DVRs are an integral part of video surveillance at the moment. Customers across verticals use it. So who would benefit the most from a surveillance server?
 
Hughes says that for a long time now, the basis of most enterprise surveillance projects has been the utilization of many HD cameras on a sophisticated VMS using a high-powered computer to replace multiple DVR/NVR units. A specialized server with the correct software could technically record several hundred HD cameras at a good frame rate for several months.
 
“This means that in a well-designed enterprise system, correct server selection can offer massive advantages in terms of system design and efficiency, power consumption, and rack space,” Hughes said. “Secure Logiq manufactures optimized servers for HD surveillance that can process up to 4000 Mbps of camera traffic with over 1 Petabyte of on-board useable storage in just 4U, which is equivalent to 16 COTS servers (or the highest specification DVRs on the market). The power savings alone could pay for the product in just a few years.”

How can you get the most out of it?

So now that you have heard of the benefits of using a surveillance server instead of a DVR, you might want to purchase one yourself. But wait, before you go forth and make that decision, here are some of the best practices you can follow to maximize the benefits.
 
While it is a specialist server for surveillance, it is still a server and the engine of your CCTV system. So it should receive the same level of care you apply to the servers running your business. Ensure that the server is installed in a suitable environment, ideally in a temperature- and humidity-controlled rack. Hughes also recommends installing surge protection or a UPS system.
 
“Maintain the server both on a hardware and software level on a regular basis,” Hughes added. If your server is installed in an environment that can lead to dust build-up in the machine, then the cleaning schedule should be adjusted accordingly. Added to this, in any environment, clear the dust filters regularly.”
 
From a software perspective, to maximize the security and efficiency of the server, you should perform the latest Windows (or other OS) updates at least bi-annually.
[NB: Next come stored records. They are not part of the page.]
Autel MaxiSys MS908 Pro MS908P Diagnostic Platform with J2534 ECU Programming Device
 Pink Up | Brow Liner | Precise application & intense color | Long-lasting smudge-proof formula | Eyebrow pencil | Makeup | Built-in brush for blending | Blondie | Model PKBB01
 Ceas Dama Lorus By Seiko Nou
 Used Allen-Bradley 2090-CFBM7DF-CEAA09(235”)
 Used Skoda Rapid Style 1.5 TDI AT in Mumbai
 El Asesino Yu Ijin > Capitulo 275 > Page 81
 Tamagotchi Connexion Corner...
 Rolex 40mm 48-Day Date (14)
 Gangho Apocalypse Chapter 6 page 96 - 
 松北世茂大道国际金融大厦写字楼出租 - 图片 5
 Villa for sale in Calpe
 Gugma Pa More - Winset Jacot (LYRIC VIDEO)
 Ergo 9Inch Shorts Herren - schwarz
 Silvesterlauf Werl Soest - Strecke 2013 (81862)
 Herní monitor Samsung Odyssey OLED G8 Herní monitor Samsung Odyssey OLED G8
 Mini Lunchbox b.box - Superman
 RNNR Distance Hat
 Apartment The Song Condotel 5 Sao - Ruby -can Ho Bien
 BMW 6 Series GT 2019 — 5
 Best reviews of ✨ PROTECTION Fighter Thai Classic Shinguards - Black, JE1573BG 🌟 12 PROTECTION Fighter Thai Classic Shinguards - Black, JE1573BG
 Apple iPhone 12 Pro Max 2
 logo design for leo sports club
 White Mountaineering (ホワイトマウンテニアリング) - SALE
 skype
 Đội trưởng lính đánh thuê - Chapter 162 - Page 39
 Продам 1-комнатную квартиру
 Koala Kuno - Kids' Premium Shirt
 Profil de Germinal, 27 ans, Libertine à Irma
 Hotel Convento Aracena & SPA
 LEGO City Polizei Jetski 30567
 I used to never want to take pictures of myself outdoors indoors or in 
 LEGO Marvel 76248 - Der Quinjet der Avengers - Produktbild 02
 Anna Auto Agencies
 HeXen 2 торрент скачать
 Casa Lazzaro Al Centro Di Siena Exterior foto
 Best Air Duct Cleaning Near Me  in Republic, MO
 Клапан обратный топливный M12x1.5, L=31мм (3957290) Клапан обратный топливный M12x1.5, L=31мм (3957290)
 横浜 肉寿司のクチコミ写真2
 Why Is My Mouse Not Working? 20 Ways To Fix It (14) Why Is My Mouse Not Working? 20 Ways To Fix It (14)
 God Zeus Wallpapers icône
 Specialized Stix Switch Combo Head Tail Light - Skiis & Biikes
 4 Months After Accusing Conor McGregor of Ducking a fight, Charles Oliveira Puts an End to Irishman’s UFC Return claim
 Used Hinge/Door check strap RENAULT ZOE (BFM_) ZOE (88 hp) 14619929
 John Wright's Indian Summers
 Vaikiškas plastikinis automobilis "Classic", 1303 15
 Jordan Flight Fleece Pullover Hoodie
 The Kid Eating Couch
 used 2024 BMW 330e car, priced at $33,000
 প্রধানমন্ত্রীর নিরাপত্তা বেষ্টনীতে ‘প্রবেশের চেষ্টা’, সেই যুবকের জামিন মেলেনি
Update the drivers on the system and update the VMS or Video Analytic application to the newest version. While updates may contain new features, most importantly, they are designed to eliminate any potential bugs in the system and protect from the latest vulnerabilities discovered since the previous version.
 
“On a final note, you can save a lot of time by creating a Windows restore point and exporting the application configuration files on each maintenance visit,” Hughes said. “And most importantly, don’t forget to change any default passwords.”

A customizable alternative

DVRs are an important part of video surveillance systems in many verticals. But surveillance servers can provide customers an opportunity to acquire customized systems that suits their needs best. This becomes relevant, especially for large projects that require many cameras and complex systems. Servers could also help customers easily scale up their infrastructure, enabling easy addition of components at a reasonable cost.
 
Ultimately, the decision would come down to the customers and their integrators. For those who might have already invested in DVRs and are happy with their performance, shifting to surveillance servers may not make sense. But for customers who are about to begin a new project or are interested in upgrading their systems, surveillance servers offer a good alternative.